Gesundheitsministerium ignorierte massive Datenlücke bei "Österreich testet"

Die Plattform "Österreich testet" wird hauptsächlich von Apotheken genutzt.
Die Plattform "Österreich testet" wird hauptsächlich von Apotheken genutzt. ©APA
In der Plattform "Österreich testet", die vor allem von Apotheken verwendet wird, soll massive Datenlücken aufgewiesen haben. Laut "epicenter.works" bot die Lücke Zugriff auf Identitätsdaten von hunderttausend Personen.

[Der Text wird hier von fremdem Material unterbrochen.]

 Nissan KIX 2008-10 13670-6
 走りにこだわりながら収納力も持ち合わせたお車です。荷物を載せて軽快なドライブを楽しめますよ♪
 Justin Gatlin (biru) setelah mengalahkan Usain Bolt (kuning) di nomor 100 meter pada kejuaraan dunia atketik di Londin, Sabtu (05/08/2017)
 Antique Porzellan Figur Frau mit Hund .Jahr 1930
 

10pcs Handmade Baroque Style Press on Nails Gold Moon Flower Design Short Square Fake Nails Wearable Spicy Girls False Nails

Dem Programmierer, der die Datenlücke gefunden hatte, wurde nach seinem Fund der Vertrag gekündigt.

Bei der Plattform "Österreich testet", der Website des Gesundheitsministeriums zur Organisation von Covid-19 Tests, soll es eine massive Sicherheitslücke gegeben haben. Einer gemeinsamen Recherche von "ORF konkret" und der Datenschutz-NGO "epicenter.works" zufolge hat dadurch eine zugriffsberechtigte Apotheke nicht bloß auf die von ihr durchgeführten Tests Zugriff gehabt, sondern auf die gesamten Daten aller Tests der vergangenen sieben Tage.

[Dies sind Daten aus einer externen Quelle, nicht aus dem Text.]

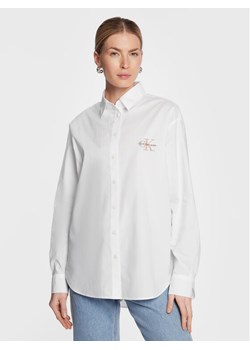 Calvin Klein Jeans Koszula J20J220515 Biały Regular Fit ze sklepu MODIVO w kategorii Koszule damskie - zdjęcie 184623320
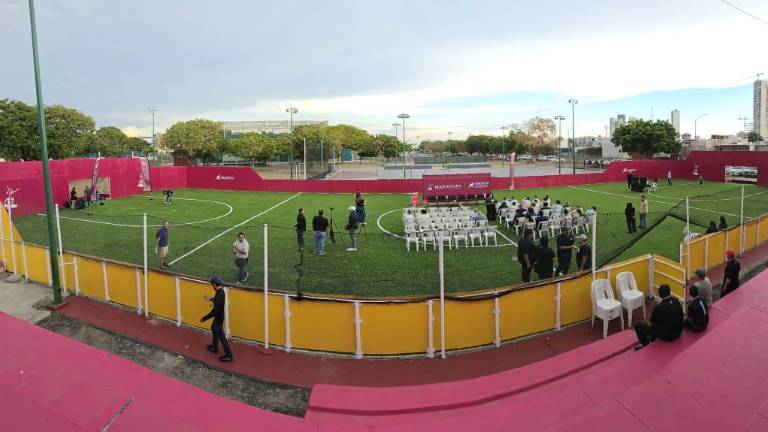 Modernizan el Cefurmaz para impulsar el futbol y el deporte adaptado.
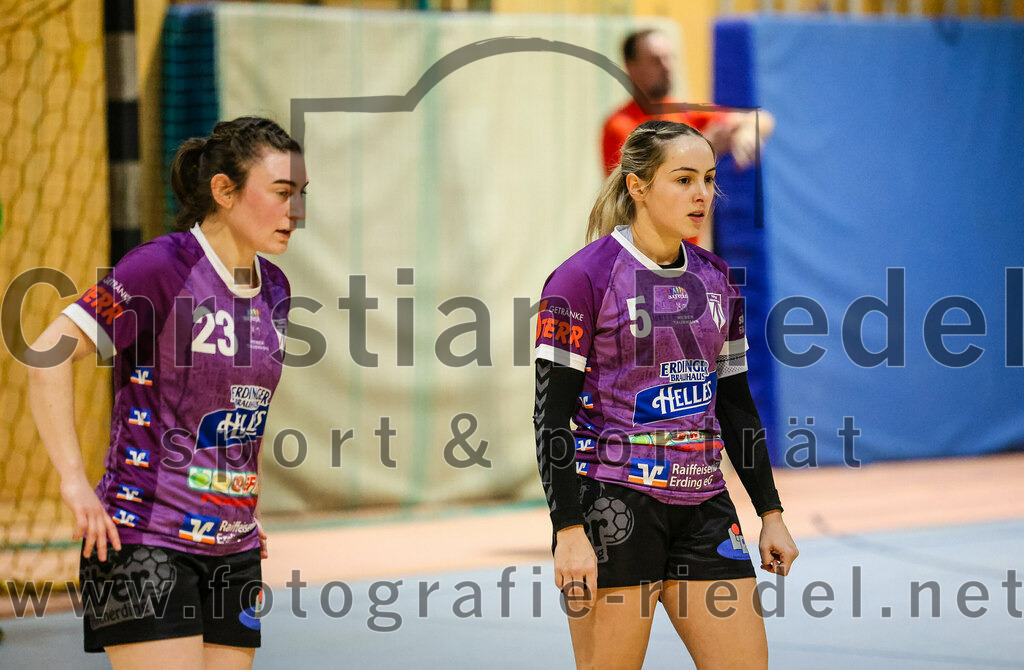 2024-02-10_076_SpVgg_Altenerding_gegen_SVA_Palzing | Erding, Deutschland, 10.02.2024:
Handball, Bezirksoberliga Frauen Altbayern 2023 / 2024, 14. Spieltag, SpVgg Altenerding gegen SVA Palzing, Endergebnis: 27:28

Katharina Künstner (SpVgg Altenerding, #23), Lena Prem (SpVgg Altenerding, #5)

Foto: Christian Riedel / fotografie-riedel.net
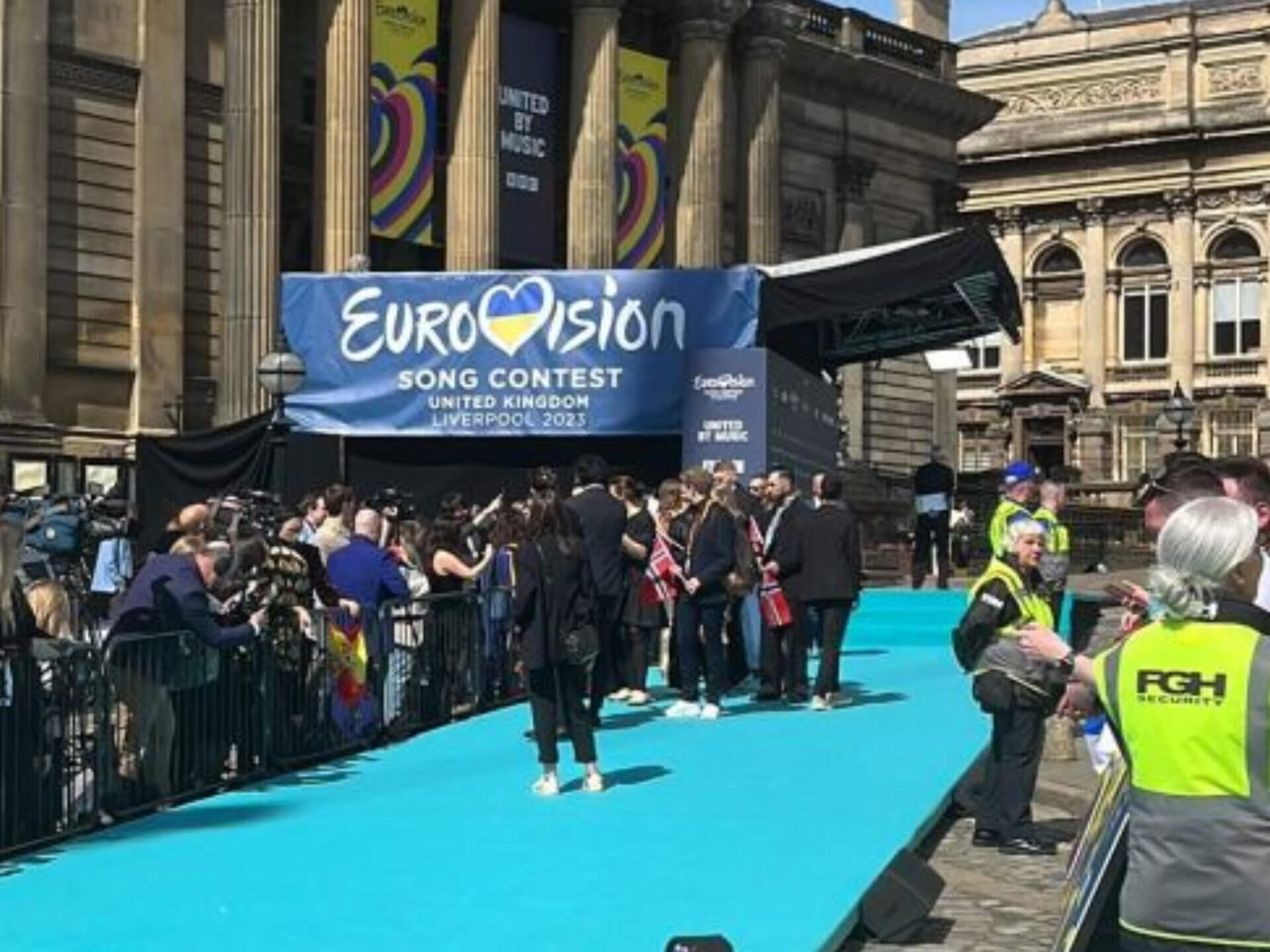 Andrew Lambrou και Victorστο τιρκουάζ χαλί της Eurovision 2023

Millionen Datensätze von "Österreich testet" abrufbar

Über diese Lücke sei es möglich gewesen, Name, Adresse, Sozialversicherungsnummer, Telefonnummer, E-Mail und Corona-Testergebnis von potenziell Hunderttausenden Personen in ganz Österreich abzurufen. Laut Thomas Lohninger Geschäftsführer von "epicenter.works" handelte es sich dabei um mehrere Millionen Datensätze.

Programmierer wurde ignoriert, Apotheke wurde ausgeschlossen

Entdeckt wurde die Sicherheitslücke von einem von besagter Apotheke beauftragten Webentwickler, der diese sogleich dokumentierte und sich mit der Bitte um dringende Reparatur an das Gesundheitsministerium und den ORF gewandt habe. Den Datenschützern zufolge ist der Programmierer zunächst ignoriert worden, erst als der ORF anfragte, habe es eine Reaktion gegeben. Und zwar sei die Apotheke von "oesterreich-testet.at" ausgeschlossen worden, woraufhin diese das Arbeitsverhältnis mit dem Webentwickler beendete.

Das Gesundheitsministerium habe zunächst abgestritten, dass es sich um eine Sicherheitslücke handelte und sprach von einer "widerrechtlichen Verwendung interner Dokumentationssysteme" einer einzelnen Apotheke, so "epicenter.works". Gleichlautend argumentierte das Ministerium am Donnerstag in einer Stellungnahme gegenüber der APA. Die Apotheken seien im Rahmen der Testungen "alleinige Datenschutzverantwortliche", eine Zuständigkeit des Gesundheitsministeriums sei nicht gegeben. Zudem merkte das Ministerium an, dass Apotheken wie niedergelassene Ärzte "einer gesetzlichen Sorgfaltspflicht sowie einem Berufsgeheimnis unterliegen".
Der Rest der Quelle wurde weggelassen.